For an ongoing project I had to calculate fractional snow cover transition dates across Alaska. These transition dates mark when snow levels drop below 5% coverage or when continuous accumulation of more than 5% starts. The period between these two dates can be considered snow free, and has the potential to support vegetation growth.

For this exercise I used my usual set of tools and data streams (R + local MODIS HDF tiles). Sadly, this processing chain took forever. Given the rather simple nature of the code I decided to turn to Google Earth Engine (GEE) and rewrote the analysis into GEE javascript. Below you find the resulting MCD10A1 product, a combined MODIS Aqua / Terra snow cover product. The original MODIS products (MOD10A1/MYD10A1) as processed by the National Snow and Ice Data Center have the tendency to be biased low. Hence, my solution fuses the two data streams using a maximum value approach across the two data streams. Furthermore, the script is written to loop over all years with sufficient data (2003 – current), and collects the above mentioned transitions dates. Finally, the script runs a simple regression analysis to mark trends in snow melt dates, answering the question if snow melt occurs later or earlier with each passing year!?

Below you see a snow cover trend map of the US and Canada, with earlier snow melt marked in red (-) and later snow melt marked in blue (+). Some patterns stand out, mainly mountain ranges in the West of the US have seen earlier and earlier snow melt dates. Alaska, doesn’t see very clear patterns, aside from earlier snow melt in the southern peninsula. Arctic Canada does see clear earlier snow melt throughout. Surprisingly, some later snow melt dates can be noted as well. From the middle of Alberta, Canada sweeping east to the great lakes a trend of later snow melt dates is noted. A word of caution is needed as these regions might be heavily influenced by the “polar vortex” in 2015, creating a long winter season, and potentially skewing the trend analysis. Furthermore, locations without data are places with a very short snow cover period, which were excluded for clarity (i.e. these are areas were snow cover has less of an influence on the growing season).

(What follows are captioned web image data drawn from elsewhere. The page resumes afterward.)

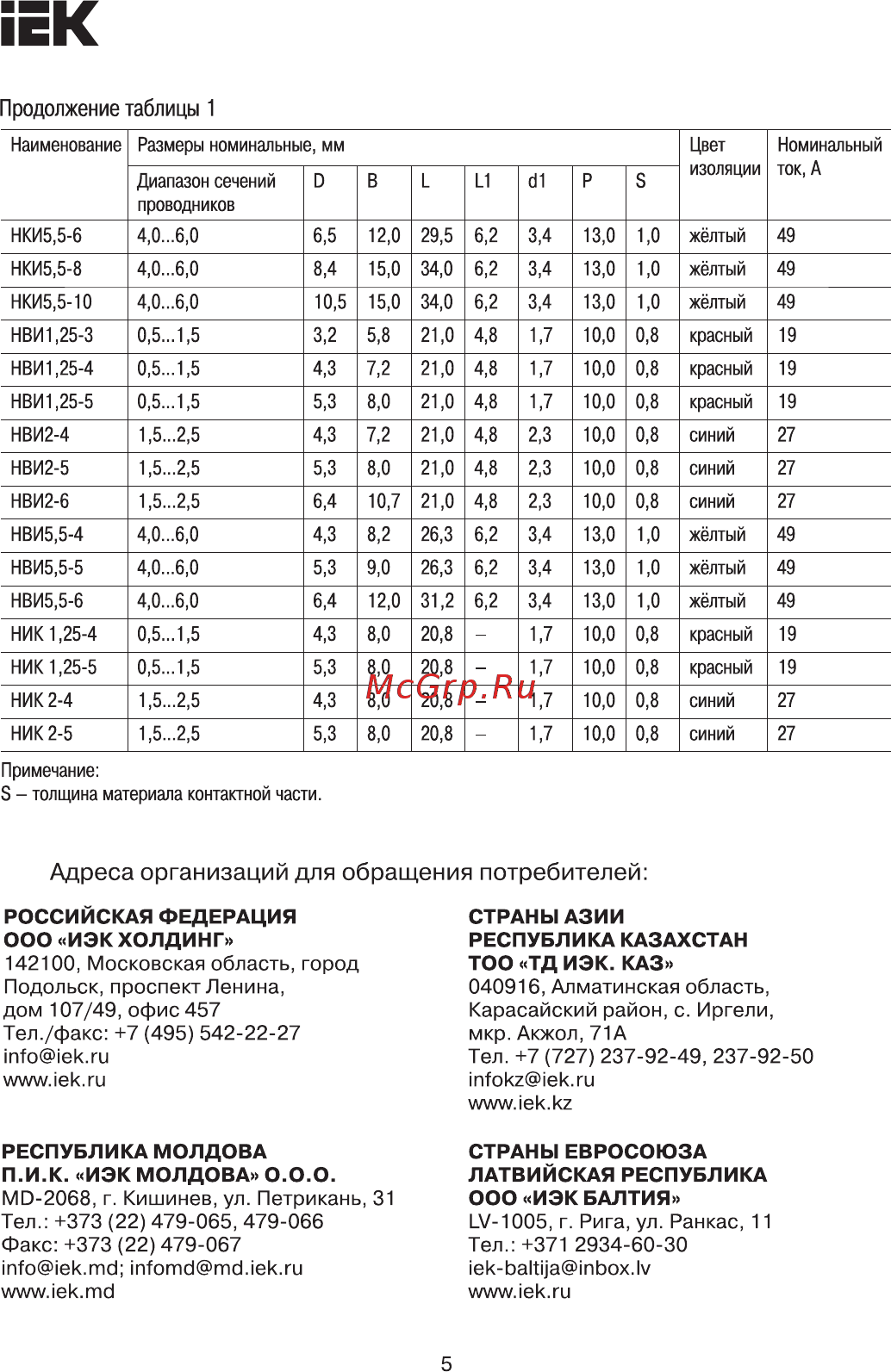 Iek НКИ-т 5,5-4 кольцо 4-6мм UNL22-006-6-4 [5/6] Страница 5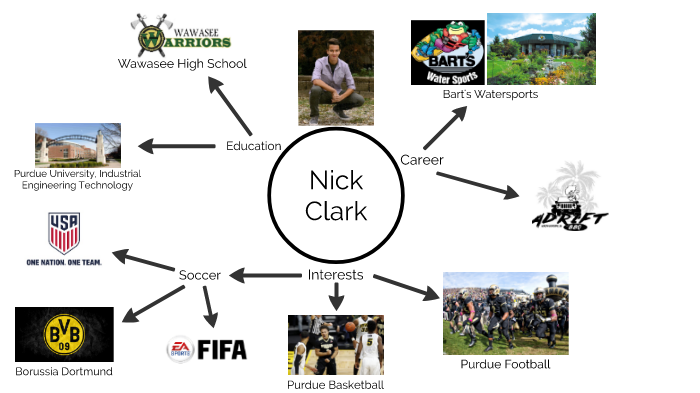 Mind Map by Nick Clark on Prezi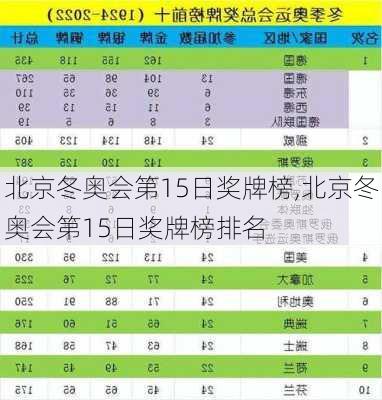 北京冬奥会第15日奖牌榜,北京冬奥会第15日奖牌榜排名
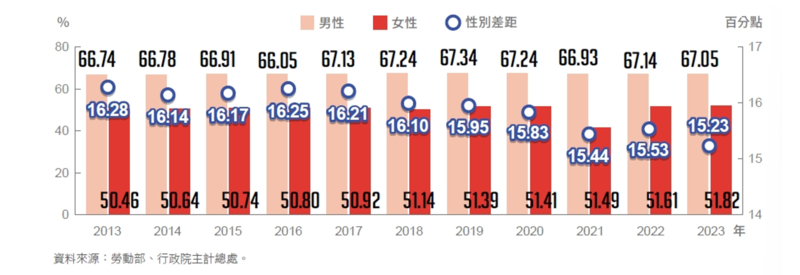 我國歷年男女勞動力參與率及性別差距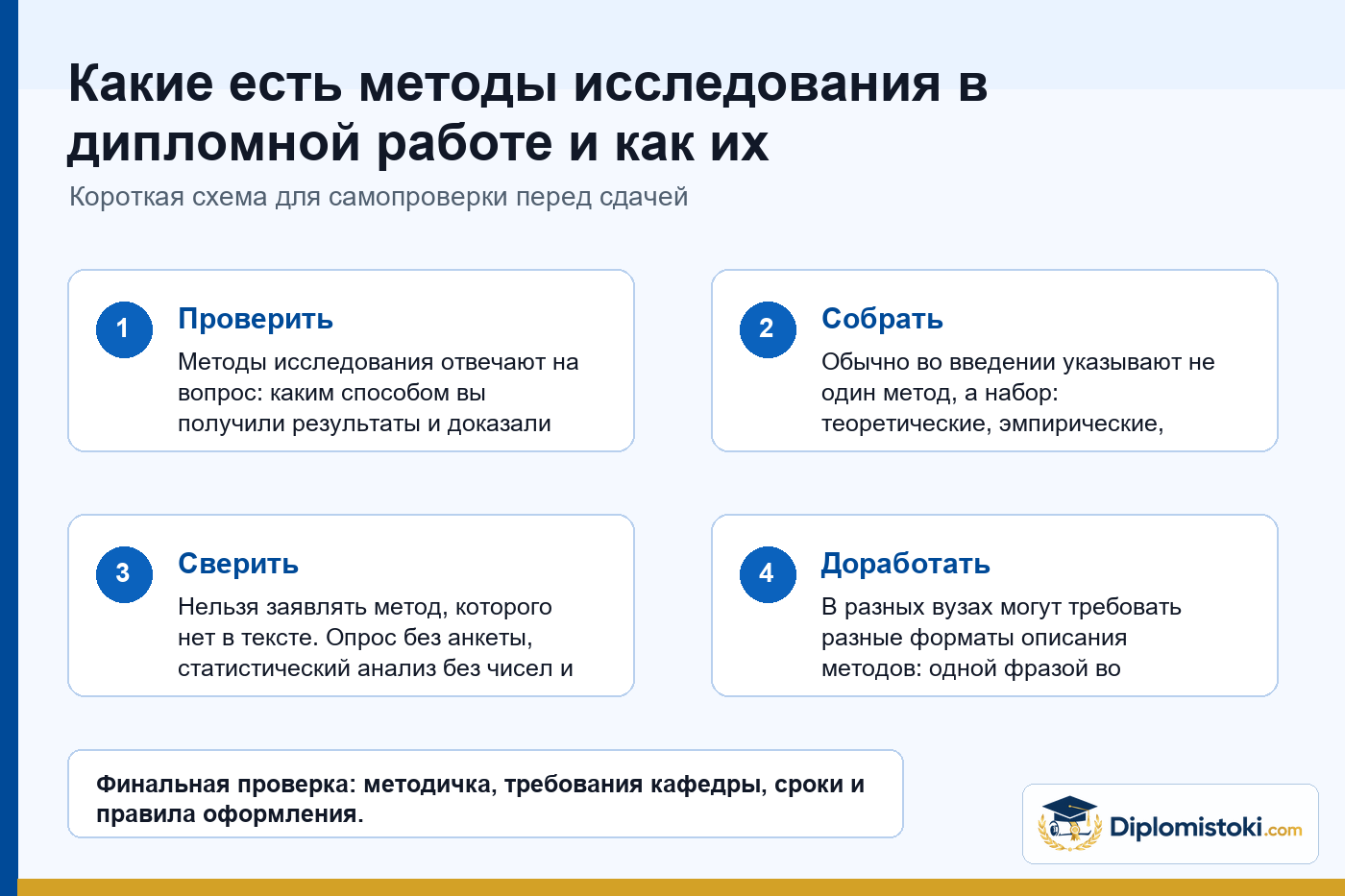 Инфографика Diplomistoki по теме: Какие есть методы исследования в дипломной работе и как их написать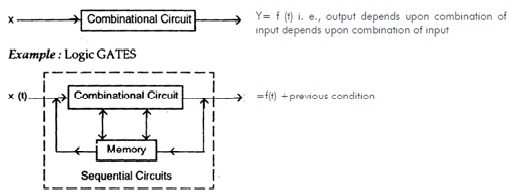 1421_logic gates.jpg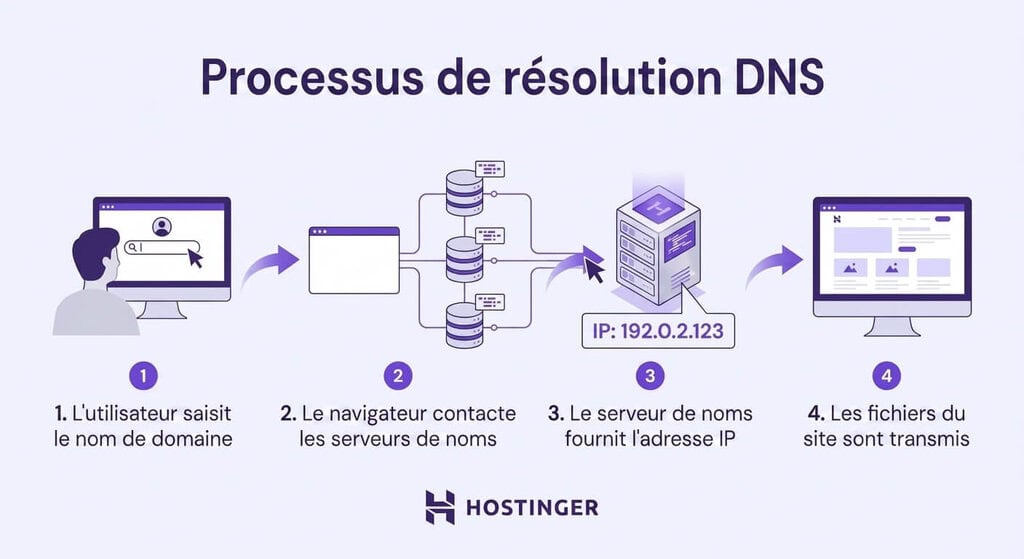 dns-resolution-process Processus de résolution DNS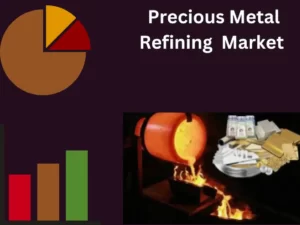 Precious Metal Refining Market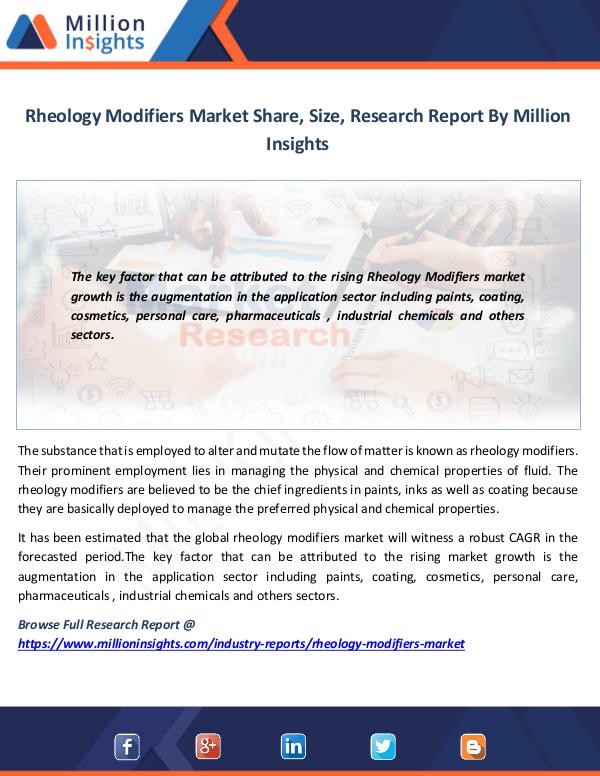 Rheology Modifiers Market Share, Size, Research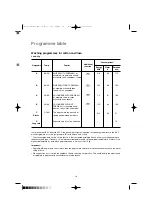 Preview for 18 page of Zanussi WD 802 User Manual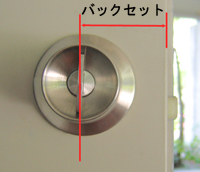 バックセットとは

In short, as long as the analysis isn’t too complicated GEE is a quick way to get good and reproducible results. Sadly, the system does have it’s limitation and makes true time series analysis (with custom aggregation and curve fitting techniques) rather difficult if not impossible. I feel that these kinds of analysis are clearly outside the scope of the more GIS oriented GEE setup. I tip my hat to Google for providing this service, rather impressive I must say.